Vous connaissez surement Shazam, cette application qui permet en un clic, de mettre un nom sur une musique en la faisant écouter à son smartphone. Ce concept existe aussi pour le vin. Et il faut dire que la concurence est rude.

Aujourd'hui, le tribunal correctionnel de Bordeaux devra rendre un verdict sur un litige entre deux start-up spécialisées dans l'appréciation de produits vinicoles. Toutes deux se revendiquent être «Le Shazam du vin» et ont lancé quasiment la même application pour smartphone qui permettent, en une photo, de mettre un nom sur un cru. Mais attention au plagiat ! A la clef : siphonage de données. 

Deux concurrents, un même concept

Tout commence à En 2011. A Bordeaux, Audrey Gribelin, une ancienne négociante lance SmartCave, une appli téléchargée plus de 100 000 fois et qui permet en un clic d'être informé de «toutes les caractéristiques des vins, leur cote, la période d’apogée, les avis des utilisateurs et des professionnels et trouver les mets les mieux adaptés».

Quasiment au même moment, Kasual Business, une autre société bordelaise spécialisée dans le vin lance son application Smart Bordeaux qui repose sur exactement le même fonctionnement.

Le temps passe, les affaires avancent pour les deux sociétés. Elle ne se côtoient pas, sans ignorer pour autant leur existence à l'une et à l'autre. Smart Bordeaux devient... Winewoo. 

Le plagieur pris au piège

Nous sommes le 28 janvier 2015. Audrey Gribelin décide de jeter un oeil au projet de ses concurrents. En surfant sur le net, elle tombe sur l'application Winewoo. Quelle ne sera pas sa surprise lorsqu'elle découvre que plusieurs vins présent dans l'appli concurrente sont en fait les siens !
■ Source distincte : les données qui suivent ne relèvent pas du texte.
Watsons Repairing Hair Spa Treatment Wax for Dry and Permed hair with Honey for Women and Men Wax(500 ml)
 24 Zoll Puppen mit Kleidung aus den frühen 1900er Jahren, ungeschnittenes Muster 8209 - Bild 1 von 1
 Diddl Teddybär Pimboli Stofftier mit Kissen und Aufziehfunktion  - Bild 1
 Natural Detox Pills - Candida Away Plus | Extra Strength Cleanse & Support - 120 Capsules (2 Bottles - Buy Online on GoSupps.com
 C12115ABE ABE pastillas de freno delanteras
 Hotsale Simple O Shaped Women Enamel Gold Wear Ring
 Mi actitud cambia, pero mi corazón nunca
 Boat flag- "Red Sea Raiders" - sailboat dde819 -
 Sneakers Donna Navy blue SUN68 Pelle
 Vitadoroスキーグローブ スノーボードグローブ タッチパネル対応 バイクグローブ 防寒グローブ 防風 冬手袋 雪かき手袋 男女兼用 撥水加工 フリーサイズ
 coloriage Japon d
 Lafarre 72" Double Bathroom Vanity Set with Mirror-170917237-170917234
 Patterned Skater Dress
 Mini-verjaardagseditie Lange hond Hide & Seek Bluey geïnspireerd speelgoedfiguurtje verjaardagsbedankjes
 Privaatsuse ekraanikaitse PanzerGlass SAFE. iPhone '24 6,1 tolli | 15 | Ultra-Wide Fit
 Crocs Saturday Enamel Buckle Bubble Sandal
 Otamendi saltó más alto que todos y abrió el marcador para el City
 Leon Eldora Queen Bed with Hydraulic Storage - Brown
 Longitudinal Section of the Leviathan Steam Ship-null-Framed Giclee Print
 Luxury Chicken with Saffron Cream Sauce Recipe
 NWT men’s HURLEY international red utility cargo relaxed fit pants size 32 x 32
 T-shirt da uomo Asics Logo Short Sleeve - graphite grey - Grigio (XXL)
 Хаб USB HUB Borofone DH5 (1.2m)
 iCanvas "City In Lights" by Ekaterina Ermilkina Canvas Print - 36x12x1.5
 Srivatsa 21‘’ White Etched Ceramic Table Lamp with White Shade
Pour augmenter la popularité de Winewoo, Kasual Business semble copier tout simplement la base de données de SmartCave. 

Pourtant, le site Internet de Winewoo l'assure : toutes les informations proviennent directement des vignerons ce qui garantit leur exactitude - Sol, cépages, élevage en cuve ou barrique, arômes, conseils de dégustation et de conservation, accord mets-vin, pays de vente. Aucun critère n'est oublié.  

C'est la goutte de trop. Audrey Gribelin voit rouge et convaincue qu'il s'agit d'un piratage décide de contrattaquer. Elle truffe alors sa base de données de vins qui n'existent pas. Quasi immédiatement, ces bouteilles aux noms humoristiques comme «château Bélisque», «château Lympiade» ou encore «château Vieillesse Ennemie» apparaissent dans l'appli concurrente. 

Elle prévient alors huissiers et avocats ainsi que les développeurs de son site web qui lui confirment un piratage datant de décembe 2014, date à laquelle Winewoo a été lancée. Après avoir retracé l'adresse IP, les dévellopeurs sont formels : loin d'être blanc comme neige, Kasual Business a siphonné sa base données. 

Le plagié contrattaque

Audrey Gribelin attaque alors son concurrent en justice pour «atteinte aux droits de producteur de données et recel». Lors d'une garde à vue et d'une audition en février puis en mars dernier, un salarié et un co-dirigeant de Kasual Business ont reconnu la reproduction de la base de données, tout en se défendant d'une intrusion illégale dans le système informatique de SmartCave. Au total 6 608 fiches, auraient été copiées et complétées par la suite.  

Dans un communiqué de presse, Kasual Business assure que la collecte d’informations a été faite «en toute transparence et à travers un site ouvert au public» et dit émettre «[ses] plus expresses réserves sur le bien fondé et les motivations de la plainte», la collecte de données n'ayant «aucune intention de préjudicier à qui que ce soit». Quoi qu'il en soit, ce sera au tribunal de trancher. 

Entre temps, le service à succès immense Shazam continue de voir la vie en rose. Plus, il a lui aussi décidé de s'étendre au vin et a lancé le 5 juin dernier sa propre application en partenariat avec la société Wine.co. Vu la bousculade, le marché risque d'être bientôt saturé.